Johnson & Johnson has linked its BCMAxCD3 bispecific antibody teclistamab to a 67% response rate in heavily pretreated multiple myeloma patients. Teclistamab is up against assets in development at a who’s who of biopharma companies in the crowded BCMA field. 

The potential for a bispecific to cross-link T cells and tumor cells by binding to CD3 on the former and BCMA on the latter has attracted multiple research groups. Candidates now controlled by Amgen, Bristol Myers Squibb, Pfizer and Regeneron have moved into the clinic in recent years, forming part of a broader, multi-modality pipeline of prospects targeting BCMA. 
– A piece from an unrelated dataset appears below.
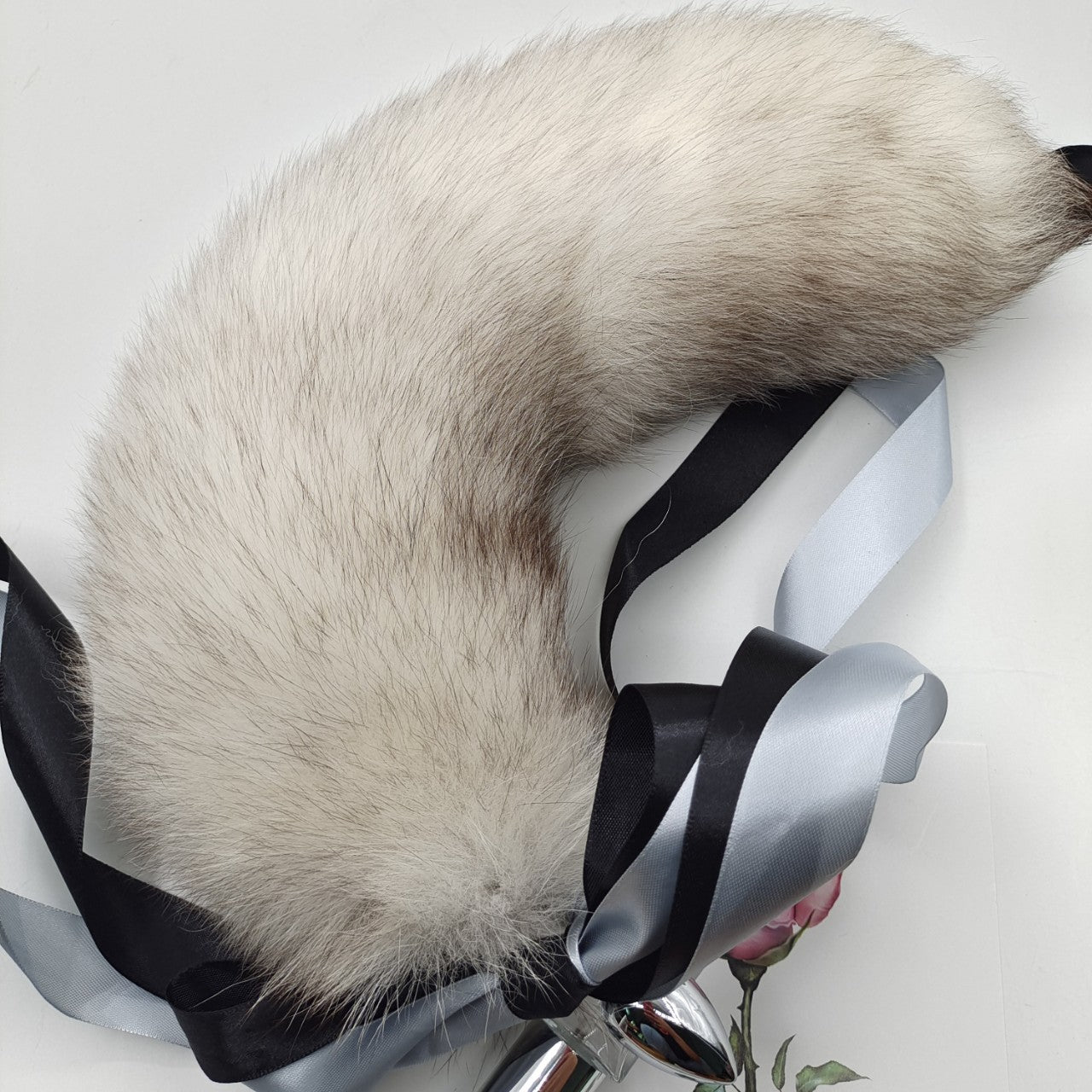 Grey Furry Real Fur Fox Tail Butt Plug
J&J, which also has an anti-BCMA CAR-T therapy, moved into the bispecific lane of the race through its licensing agreement with Genmab, setting in on a track that led to the initiation of a phase 1 trial in 2017. Now, J&J has shared a look at data from the phase 1.

Ahead of its presentation at the American Society of Clinical Oncology Virtual Scientific Program, J&J revealed that eight of the 12 patients who received the 270 µg/kg dose of teclistamab responded to the drug. Half of the 12 patients had very good partial responses, while another three experienced complete responses.

Across the larger cohort of 78 subjects, who received doses as low as 0.3 µg/kg, J&J saw 21 responses. Of those responses 16—76%—were ongoing as of the data cutoff. Four of the five patients evaluable for minimal residual disease (MRD) analysis were MRD negative. Two patients had MRD-negative complete responses, one of which was still going after 12 months.  

The small number of patients treated to date and the unreliability of cross-trial comparisons make it hard to gauge just how competitive teclistamab looks. The bar in the BCMA space is likely to be high, though. Late last year, Bristol Myers presented data showing the high dose of the anti-BCMA bispecific it picked up in its takeover of Celgene triggered responses in 89% of patients. Around half the responses were complete. Other groups have also shown early signs of efficacy.

GlaxoSmithKline’s antibody-drug conjugate belantamab mafodotin is at the front of the broader pack of BCMA candidates, with the FDA granting it priority review in January and then dealing a blow to its cell therapy rival ide-cel by issuing a refuse-to-file letter to bluebird bio and Bristol Myers. However, with the response rate across the belantamab pivotal program ranging from 31% to 60%, GSK may be pushed to the fringes by assets that come to market later but with superior efficacy data.

J&J could file for approval of its anti-BCMA CAR-T—which achieved a 100% response rate in one study—this year, giving it a shot at wiping out any first-mover advantage enjoyed by GSK. In teclistamab, J&J has an opportunity to also carve out a niche among patients in whom an antibody is the preferred modality, but it will face stiff competition.